The algorithms that are used for constructing decision trees usually
work top-down by choosing a variable at each step that is the next best
variable to use in splitting the set of items. "Best" is defined by how
well the variable splits the set into homogeneous subsets that have
the same value of the target variable. Different algorithms use different
formulae for measuring "best". Used by the CART algorithm, Gini impurity
is a measure of how often a randomly chosen element from the set would
be incorrectly labeled if it were randomly labeled according to the
distribution of labels in the subset. Gini impurity can be computed by
summing the probability of each item being chosen times the probability
of a mistake in categorizing that item. It reaches its minimum (zero) when
all cases in the node fall into a single target category. Information gain
is another popular measure, used by the ID3, C4.5 and C5.0 algorithms.
Information gain is based on the concept of entropy used in information
theory. For categorical variables with different number of levels, however,
information gain are biased in favor of those attributes with more levels.
Instead, one may employ the information gain ratio, which solves the drawback
of information gain.
Classification and Regression Tree techniques have a number of advantages
over many of those alternative techniques.
Simple to understand and interpret.
In most cases, the interpretation of results summarized in a tree is
very simple. This simplicity is useful not only for purposes of rapid
classification of new observations, but can also often yield a much simpler
"model" for explaining why observations are classified or predicted in a
particular manner.
Able to handle both numerical and categorical data.
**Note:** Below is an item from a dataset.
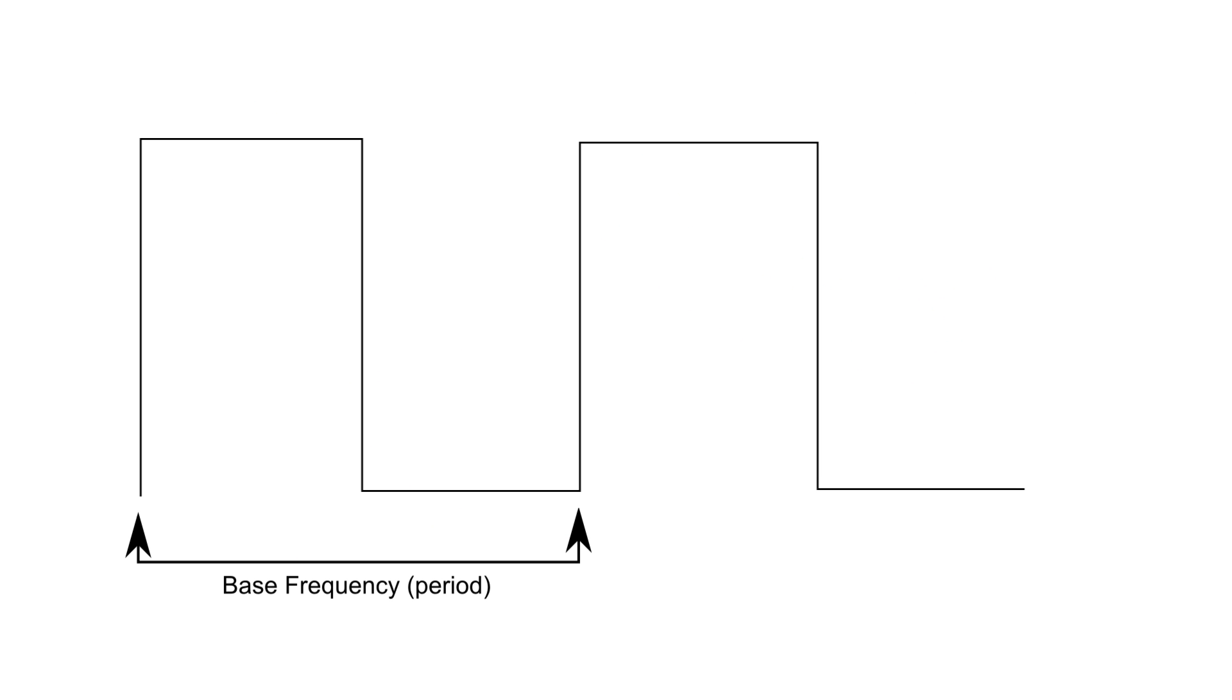First, a base frequency is configured. Within each period of that frequency, a duty cycle is then configured. This just specifies what percentage of the time in the period should be on versus off. I'll bet we can use off-the-shelf PWM components!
Other techniques are usually specialized in analyzing datasets that
have only one type of variable.
Tree methods are nonparametric and nonlinear.
The final results of using tree methods for classification or regression
can be summarized in a series of (usually few) logical if-then conditions
(tree nodes). Therefore, there is no implicit assumption that the underlying
relationships between the predictor variables and the dependent variable
are linear, follow some specific non-linear link function, or that they
are even monotonic in nature. Thus, tree methods are particularly well
suited for data mining tasks, where there is often little a priori
knowledge nor any coherent set of theories or predictions regarding which
variables are related and how. In those types of data analytics, tree
methods can often reveal simple relationships between just a few variables
that could have easily gone unnoticed using other analytic techniques.
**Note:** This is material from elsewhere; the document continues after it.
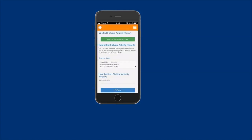This will open the start fishing activity report window. Go to the submitted fishing activity reports section. Then tap on the Spanner Crab preland report submitted previously today.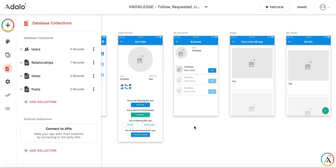Hi everyone. This is the next video in the series on how to create upvotes and downvotes in the application. The first video was about upvotes and downvotes for users, and you can see it here. In the next video, I was preparing the functionality to create upvotes and downvotes for posts — not for users, but for something separate. It could be not just posts; it could be products or whatever entries in other collections.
One major problem with classification and regression trees is their high
variance. Often a small change in the data can result in a very different
series of splits, making interpretation somewhat precarious. Besides,
decision-tree learners can create over-complex trees that cause over-fitting.
Mechanisms such as pruning are necessary to avoid this problem.
Another limitation of trees is the lack of smoothness of the prediction
surface.
Some techniques such as bagging, boosting, and random forest use more than
one decision tree for their analysis.